BEGIN EXERCISE INPUT

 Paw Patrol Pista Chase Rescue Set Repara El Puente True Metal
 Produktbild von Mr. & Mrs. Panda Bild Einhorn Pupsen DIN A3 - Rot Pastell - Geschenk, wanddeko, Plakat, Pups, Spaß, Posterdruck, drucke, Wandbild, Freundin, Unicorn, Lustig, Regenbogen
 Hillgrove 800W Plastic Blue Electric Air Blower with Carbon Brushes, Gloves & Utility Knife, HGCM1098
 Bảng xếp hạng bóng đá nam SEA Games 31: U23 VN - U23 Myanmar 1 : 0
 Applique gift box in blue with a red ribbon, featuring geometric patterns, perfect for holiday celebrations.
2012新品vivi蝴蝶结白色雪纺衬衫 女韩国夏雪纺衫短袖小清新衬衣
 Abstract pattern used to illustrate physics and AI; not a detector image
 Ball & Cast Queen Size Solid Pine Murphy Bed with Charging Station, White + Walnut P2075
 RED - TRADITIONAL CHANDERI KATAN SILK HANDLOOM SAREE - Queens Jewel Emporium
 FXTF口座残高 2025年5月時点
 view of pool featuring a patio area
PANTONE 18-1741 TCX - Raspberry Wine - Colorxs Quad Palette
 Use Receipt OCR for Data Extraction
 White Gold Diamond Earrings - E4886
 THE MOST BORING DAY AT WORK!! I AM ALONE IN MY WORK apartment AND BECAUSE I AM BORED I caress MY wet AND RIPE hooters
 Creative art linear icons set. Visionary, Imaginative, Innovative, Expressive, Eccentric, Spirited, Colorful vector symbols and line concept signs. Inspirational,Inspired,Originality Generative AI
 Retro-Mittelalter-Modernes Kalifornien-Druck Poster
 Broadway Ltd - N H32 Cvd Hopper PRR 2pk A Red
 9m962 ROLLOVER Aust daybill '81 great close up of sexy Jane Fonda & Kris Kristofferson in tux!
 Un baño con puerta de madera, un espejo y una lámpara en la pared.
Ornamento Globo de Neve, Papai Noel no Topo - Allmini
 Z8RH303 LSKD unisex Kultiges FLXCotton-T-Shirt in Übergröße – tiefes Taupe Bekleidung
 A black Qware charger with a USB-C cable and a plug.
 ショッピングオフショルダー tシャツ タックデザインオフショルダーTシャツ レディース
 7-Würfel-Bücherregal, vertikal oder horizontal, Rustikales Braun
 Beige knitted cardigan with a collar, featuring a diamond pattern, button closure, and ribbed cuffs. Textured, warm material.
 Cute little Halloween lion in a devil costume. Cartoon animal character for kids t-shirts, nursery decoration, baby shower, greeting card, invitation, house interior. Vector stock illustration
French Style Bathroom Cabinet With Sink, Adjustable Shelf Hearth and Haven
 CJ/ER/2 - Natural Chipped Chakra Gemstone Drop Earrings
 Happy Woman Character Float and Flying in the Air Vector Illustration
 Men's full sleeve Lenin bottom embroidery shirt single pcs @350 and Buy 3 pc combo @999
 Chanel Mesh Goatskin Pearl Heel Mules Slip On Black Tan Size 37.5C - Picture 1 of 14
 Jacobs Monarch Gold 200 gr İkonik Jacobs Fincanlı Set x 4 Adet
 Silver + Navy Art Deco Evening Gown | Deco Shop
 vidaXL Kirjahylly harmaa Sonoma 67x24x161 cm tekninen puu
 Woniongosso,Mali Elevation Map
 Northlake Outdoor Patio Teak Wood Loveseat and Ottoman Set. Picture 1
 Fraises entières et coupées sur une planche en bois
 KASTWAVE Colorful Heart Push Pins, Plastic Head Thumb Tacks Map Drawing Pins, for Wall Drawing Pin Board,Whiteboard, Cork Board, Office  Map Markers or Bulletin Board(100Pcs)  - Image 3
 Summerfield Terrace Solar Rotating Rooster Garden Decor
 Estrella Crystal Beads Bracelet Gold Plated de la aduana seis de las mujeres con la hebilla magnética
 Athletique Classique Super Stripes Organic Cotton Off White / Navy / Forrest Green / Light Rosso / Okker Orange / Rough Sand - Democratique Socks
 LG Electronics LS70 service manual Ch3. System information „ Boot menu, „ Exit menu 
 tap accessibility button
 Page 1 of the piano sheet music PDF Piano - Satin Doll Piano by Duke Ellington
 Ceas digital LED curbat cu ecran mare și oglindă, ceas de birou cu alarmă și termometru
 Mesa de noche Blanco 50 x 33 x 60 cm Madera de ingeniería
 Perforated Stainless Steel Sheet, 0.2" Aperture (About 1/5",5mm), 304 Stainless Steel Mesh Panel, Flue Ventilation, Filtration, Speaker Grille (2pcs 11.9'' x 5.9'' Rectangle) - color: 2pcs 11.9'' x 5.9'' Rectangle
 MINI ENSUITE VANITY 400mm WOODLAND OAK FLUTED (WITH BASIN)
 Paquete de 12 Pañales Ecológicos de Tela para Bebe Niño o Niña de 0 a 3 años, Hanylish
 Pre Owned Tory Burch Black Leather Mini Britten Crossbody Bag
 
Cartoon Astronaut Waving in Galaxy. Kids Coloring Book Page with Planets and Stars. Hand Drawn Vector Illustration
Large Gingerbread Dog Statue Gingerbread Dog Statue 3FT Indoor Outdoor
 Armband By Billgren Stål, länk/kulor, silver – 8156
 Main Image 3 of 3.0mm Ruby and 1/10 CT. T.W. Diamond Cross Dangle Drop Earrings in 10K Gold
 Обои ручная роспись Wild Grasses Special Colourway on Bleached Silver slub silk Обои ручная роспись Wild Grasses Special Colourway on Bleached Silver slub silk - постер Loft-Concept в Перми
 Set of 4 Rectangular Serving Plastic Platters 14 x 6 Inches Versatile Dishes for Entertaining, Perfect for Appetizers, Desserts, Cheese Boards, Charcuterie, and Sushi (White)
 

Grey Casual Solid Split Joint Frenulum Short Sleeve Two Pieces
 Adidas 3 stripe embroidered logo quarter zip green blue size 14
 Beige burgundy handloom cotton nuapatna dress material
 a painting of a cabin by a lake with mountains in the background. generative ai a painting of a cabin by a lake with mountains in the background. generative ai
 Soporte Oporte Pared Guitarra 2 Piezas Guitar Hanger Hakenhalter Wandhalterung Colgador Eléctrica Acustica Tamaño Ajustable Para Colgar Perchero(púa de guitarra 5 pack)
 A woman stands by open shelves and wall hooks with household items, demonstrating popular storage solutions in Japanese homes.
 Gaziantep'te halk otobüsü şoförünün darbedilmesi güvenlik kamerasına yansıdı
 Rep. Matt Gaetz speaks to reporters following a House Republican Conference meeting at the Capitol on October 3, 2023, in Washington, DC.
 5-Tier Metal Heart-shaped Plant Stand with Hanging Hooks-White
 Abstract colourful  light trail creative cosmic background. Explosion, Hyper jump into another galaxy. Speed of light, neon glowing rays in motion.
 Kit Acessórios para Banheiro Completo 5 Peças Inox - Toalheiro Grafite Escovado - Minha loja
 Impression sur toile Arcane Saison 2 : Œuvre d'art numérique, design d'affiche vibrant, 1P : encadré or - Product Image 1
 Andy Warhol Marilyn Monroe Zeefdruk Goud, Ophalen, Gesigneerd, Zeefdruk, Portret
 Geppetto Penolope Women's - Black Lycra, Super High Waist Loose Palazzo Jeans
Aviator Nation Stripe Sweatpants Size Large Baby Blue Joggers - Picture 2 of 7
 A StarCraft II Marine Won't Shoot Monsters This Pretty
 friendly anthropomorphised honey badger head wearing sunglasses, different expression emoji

END EXERCISE INPUT

> _ACTION ITEM_:
Extract exactly the leading lines of the data, stopping at and including the line with "Bảng xếp hạng".

> _OUTPUT BELOW_:
 Paw Patrol Pista Chase Rescue Set Repara El Puente True Metal
 Produktbild von Mr. & Mrs. Panda Bild Einhorn Pupsen DIN A3 - Rot Pastell - Geschenk, wanddeko, Plakat, Pups, Spaß, Posterdruck, drucke, Wandbild, Freundin, Unicorn, Lustig, Regenbogen
 Hillgrove 800W Plastic Blue Electric Air Blower with Carbon Brushes, Gloves & Utility Knife, HGCM1098
 Bảng xếp hạng bóng đá nam SEA Games 31: U23 VN - U23 Myanmar 1 : 0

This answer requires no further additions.